Prior to the class meeting, students upload the completed template into an assignments folder in Moodle, a course-management system. Uploading Figure Facts prior to class requires students to make a significant effort to understand each figure before the group meeting, rather than skimming the paper briefly before class. The upload requirement also follows the principles of just-in-time teaching (Novak et al., 1999), in that it allows the instructor to assess each student's level of understanding prior to class and adjust group discussion to suit the students’ needs.
During class, each figure is projected using Microsoft PowerPoint, and we examine the data closely as a group. With PowerPoint, the instructor can divide more complex figures into multiple parts, which prevents students from becoming overwhelmed by too much information at once. Projecting the figures guarantees that everyone is looking at the correct figure panel and allows students to interact with the data using laser pointers that are passed around the room.
The instructor asks questions to structure the conversation, but the students are expected to articulate the methods and results of each figure, identify weaknesses in experimental design, and propose future experiments. Students are instructed to bring a hard copy of their completed template to class, so they can refer to their notes as we examine the data. Students are encouraged to write on the template and fill in any missing information as we go along. Later, the template serves as a condensed study guide to aid the student in preparing for quizzes and exams.

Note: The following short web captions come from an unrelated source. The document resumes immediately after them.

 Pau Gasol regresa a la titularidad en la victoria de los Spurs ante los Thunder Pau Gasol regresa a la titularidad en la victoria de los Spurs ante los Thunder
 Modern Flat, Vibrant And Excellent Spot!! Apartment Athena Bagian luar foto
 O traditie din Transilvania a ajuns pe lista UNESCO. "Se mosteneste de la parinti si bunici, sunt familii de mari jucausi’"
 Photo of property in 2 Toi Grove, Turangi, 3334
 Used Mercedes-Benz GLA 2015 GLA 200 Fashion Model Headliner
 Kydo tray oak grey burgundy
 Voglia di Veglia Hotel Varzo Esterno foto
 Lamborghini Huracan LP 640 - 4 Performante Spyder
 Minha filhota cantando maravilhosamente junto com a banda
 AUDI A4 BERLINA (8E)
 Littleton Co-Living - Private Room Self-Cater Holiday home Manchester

Collectively, Figure Facts are worth 10% of each student's course grade, which provides sufficient incentive for students to complete each assignment. To minimize the time required to grade the templates, we scored them on a scale of 1–5. While the students are not expected to interpret every figure correctly, they are asked to provide evidence that they made a significant effort to understand each experiment. No part of the template can be left blank, and each box has to contain at least a best guess or a question related to the figure panel. With a cursory examination of each template, the instructor is able to determine whether the information is complete, contains sufficient detail, and is written in the student's own words. On average, each template should take only 1 or 2 min to examine and grade. The first template of the semester is scored but not included in the grade calculation, which allows students to become familiar with expectations and receive feedback from the instructor.
Assessment Design
The primary goal of Figure Facts is to shift students’ focus away from the text of research articles and encourage them to spend more time examining the figures, thus sharpening students’ data interpretation skills. A secondary goal of Figure Facts is to provide a structured reading experience that will reduce some of the frustration and anxiety students often experience when learning to read primary literature. To determine whether Figure Facts accomplishes these educational objectives, we designed a three-part assessment plan. First, to determine whether Figure Facts increases students’ attention to data figures, we performed a time-on-task assessment, in which students documented their paper-reading activities before and after intervention with Figure Facts. Specifically, in weeks 1 and 15 of the Spring 2012 semester, students recorded the amount of time they spent reading each section of a primary research article. They were asked to differentiate between the time they spent examining data figures and the time they spent reading about those figures in the text. We also recorded the number of handwritten notations that students made in the margins of each figure panel to ascertain the levels of student engagement with the visual data. It is important to note that students were not required to fill out a Figure Facts template for the week 1 or the week 15 assessment. This element of the assessment design allowed us to determine whether students spent a greater percentage of time examining figures after using Figure Facts for one semester, even in the absence of the template. Student data from weeks 1 and 15 were analyzed statistically using a paired t test.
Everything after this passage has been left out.